Desde las prácticas artísticas las relaciones entre arte y trabajo han adoptado formas muy diversas, como describe Julia Bryan-Wilson en su estudio de lo que denomina «realismo ocupacional», en el que analiza las divergencias, de clase, por ejemplo, entre el artista y el trabajador precario, a la vez que da cuenta de los efectos perversos de la nueva clase creativa, caracterizada por su flexibilidad y adaptación extremas. De la resistencia a esa condición comercializable del trabajador creativo da cuenta el trabajo de Alice Creischer que, como artista, profesora, comisaria o activista ha puesto en marcha un sistema que no tiene tanto que ver con la autogestión —trampa de la precariedad—, sino con la propia capacidad instituyente del trabajo. Se trabaja la estructura como parte del contenido del proyecto, de modo que se escamotea la habitual división y capitalización del trabajo cultural por parte de la institución.

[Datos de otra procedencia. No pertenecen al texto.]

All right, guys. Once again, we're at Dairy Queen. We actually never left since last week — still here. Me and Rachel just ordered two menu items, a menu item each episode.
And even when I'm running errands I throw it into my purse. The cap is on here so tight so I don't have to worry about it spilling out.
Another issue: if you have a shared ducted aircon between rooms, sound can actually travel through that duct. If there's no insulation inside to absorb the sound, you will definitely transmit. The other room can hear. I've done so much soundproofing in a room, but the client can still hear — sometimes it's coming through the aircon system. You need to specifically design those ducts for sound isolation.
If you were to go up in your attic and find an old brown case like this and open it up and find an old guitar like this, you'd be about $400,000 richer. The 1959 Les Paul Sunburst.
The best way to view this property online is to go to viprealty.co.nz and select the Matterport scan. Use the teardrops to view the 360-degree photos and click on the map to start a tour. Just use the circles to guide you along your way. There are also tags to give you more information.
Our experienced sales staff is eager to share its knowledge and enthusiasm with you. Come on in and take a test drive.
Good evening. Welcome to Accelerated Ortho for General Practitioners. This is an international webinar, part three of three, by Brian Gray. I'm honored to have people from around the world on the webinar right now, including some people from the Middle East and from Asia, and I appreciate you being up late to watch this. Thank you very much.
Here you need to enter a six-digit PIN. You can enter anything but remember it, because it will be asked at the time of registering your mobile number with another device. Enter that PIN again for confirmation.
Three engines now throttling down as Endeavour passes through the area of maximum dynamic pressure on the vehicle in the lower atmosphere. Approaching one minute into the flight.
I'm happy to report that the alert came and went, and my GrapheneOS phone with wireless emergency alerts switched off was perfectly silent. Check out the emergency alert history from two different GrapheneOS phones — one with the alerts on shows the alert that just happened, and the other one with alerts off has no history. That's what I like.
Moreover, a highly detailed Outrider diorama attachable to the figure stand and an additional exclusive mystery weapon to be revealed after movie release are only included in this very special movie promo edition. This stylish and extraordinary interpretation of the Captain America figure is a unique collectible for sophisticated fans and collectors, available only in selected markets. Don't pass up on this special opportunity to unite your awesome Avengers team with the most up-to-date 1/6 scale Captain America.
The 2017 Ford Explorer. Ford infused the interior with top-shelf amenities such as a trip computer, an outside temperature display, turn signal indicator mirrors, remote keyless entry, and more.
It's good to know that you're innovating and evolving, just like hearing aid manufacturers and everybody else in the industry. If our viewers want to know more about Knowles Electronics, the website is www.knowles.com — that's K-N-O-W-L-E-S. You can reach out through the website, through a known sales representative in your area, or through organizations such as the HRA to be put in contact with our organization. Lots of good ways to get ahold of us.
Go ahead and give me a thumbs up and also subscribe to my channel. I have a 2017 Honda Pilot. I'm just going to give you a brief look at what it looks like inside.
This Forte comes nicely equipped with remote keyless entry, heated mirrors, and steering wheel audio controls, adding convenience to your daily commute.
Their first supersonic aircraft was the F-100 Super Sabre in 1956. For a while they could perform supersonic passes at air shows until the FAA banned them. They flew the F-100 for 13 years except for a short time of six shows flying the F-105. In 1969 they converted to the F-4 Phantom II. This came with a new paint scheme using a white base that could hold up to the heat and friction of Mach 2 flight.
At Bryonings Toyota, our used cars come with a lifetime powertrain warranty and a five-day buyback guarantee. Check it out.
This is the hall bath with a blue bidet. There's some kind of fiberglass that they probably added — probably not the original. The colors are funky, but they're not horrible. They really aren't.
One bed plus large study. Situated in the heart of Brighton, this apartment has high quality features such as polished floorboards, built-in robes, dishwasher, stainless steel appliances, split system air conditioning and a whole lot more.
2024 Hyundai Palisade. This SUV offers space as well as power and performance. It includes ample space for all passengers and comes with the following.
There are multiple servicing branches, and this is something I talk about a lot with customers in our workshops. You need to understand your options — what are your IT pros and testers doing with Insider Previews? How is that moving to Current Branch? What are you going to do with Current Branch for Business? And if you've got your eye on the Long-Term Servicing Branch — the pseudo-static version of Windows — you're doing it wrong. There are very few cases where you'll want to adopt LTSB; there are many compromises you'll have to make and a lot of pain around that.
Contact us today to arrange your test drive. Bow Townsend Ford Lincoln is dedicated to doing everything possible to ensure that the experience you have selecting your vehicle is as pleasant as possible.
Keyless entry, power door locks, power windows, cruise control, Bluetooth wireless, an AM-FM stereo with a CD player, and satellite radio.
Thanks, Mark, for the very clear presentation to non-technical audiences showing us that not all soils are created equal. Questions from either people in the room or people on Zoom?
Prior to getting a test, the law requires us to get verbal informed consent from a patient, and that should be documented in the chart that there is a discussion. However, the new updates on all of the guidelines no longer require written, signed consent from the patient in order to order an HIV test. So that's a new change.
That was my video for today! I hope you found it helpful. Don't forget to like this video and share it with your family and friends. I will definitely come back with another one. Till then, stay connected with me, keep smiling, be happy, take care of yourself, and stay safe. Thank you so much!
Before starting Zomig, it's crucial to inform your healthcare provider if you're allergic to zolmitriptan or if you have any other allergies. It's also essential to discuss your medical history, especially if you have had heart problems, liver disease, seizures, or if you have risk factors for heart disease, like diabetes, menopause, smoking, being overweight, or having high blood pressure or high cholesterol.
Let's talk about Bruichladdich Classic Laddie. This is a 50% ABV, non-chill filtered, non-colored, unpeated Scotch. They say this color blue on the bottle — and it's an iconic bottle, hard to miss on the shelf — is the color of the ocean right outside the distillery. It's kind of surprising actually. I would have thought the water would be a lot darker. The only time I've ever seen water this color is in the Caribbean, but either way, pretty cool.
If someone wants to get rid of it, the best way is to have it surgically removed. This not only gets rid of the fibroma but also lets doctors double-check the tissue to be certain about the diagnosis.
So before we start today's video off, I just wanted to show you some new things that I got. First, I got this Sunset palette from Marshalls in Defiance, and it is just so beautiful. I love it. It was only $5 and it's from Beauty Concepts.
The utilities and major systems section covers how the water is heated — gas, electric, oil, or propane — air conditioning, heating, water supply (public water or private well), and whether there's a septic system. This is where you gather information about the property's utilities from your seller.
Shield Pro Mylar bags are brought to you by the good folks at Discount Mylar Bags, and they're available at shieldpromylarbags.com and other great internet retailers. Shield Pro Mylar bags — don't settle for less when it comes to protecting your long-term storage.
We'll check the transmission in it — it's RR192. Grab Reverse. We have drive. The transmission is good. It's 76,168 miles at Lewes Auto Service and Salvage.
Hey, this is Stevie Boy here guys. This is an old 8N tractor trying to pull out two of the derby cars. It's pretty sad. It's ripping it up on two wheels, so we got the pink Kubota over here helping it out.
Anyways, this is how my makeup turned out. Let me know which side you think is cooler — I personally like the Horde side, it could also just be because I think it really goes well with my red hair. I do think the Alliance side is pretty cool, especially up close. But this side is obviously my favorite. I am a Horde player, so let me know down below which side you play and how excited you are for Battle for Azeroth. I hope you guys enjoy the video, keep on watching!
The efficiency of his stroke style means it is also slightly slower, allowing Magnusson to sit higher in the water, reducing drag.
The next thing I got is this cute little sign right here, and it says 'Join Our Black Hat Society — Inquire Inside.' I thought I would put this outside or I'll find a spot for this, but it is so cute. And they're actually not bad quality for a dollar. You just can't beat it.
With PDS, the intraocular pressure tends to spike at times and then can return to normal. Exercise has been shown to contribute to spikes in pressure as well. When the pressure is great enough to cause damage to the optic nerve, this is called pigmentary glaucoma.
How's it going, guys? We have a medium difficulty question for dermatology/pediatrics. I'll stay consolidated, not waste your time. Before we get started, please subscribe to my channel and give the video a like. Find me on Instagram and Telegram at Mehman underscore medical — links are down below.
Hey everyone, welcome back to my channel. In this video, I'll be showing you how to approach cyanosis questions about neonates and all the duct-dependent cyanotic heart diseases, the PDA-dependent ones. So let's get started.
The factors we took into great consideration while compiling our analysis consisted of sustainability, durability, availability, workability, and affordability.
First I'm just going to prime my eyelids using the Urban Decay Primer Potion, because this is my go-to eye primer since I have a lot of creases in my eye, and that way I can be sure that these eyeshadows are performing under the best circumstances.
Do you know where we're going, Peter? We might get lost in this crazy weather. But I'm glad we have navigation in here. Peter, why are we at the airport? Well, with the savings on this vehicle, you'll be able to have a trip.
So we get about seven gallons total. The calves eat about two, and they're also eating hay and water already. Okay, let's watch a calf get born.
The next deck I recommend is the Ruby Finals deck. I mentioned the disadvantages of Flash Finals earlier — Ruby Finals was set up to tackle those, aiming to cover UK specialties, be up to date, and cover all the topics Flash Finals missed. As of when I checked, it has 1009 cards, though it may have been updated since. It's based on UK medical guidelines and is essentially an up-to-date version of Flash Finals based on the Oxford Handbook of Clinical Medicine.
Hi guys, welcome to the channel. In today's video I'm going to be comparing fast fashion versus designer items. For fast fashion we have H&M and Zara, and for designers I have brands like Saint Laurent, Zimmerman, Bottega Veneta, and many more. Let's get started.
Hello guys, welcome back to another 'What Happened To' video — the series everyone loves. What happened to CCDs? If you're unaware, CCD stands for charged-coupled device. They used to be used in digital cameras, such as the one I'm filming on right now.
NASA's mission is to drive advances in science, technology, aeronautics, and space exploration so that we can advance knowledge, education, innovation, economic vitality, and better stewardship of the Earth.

Desde otro punto de vista Theaster Gates plantea la pérdida de poder comunitario y local que implica la desaparición del trabajo «territorializado» y de los saberes locales, lo que de nuevo nos aboca a una colonización financiera, mediática y publicitaria de la ciudad, que no tiene en cuenta los procesos de identificación de los habitantes históricos de la misma. En la restauración de un valor inmaterial se dirime esa pérdida, que reaparece como memoria. Ahlam Shibli, en un movimiento que podría plantearse como el reverso del trabajo de Gates, plantea en su serie Heimat (hogar) una reterritorialización, la que produce la migración, en su creación de lazos de pertenencia en un lugar desconocido.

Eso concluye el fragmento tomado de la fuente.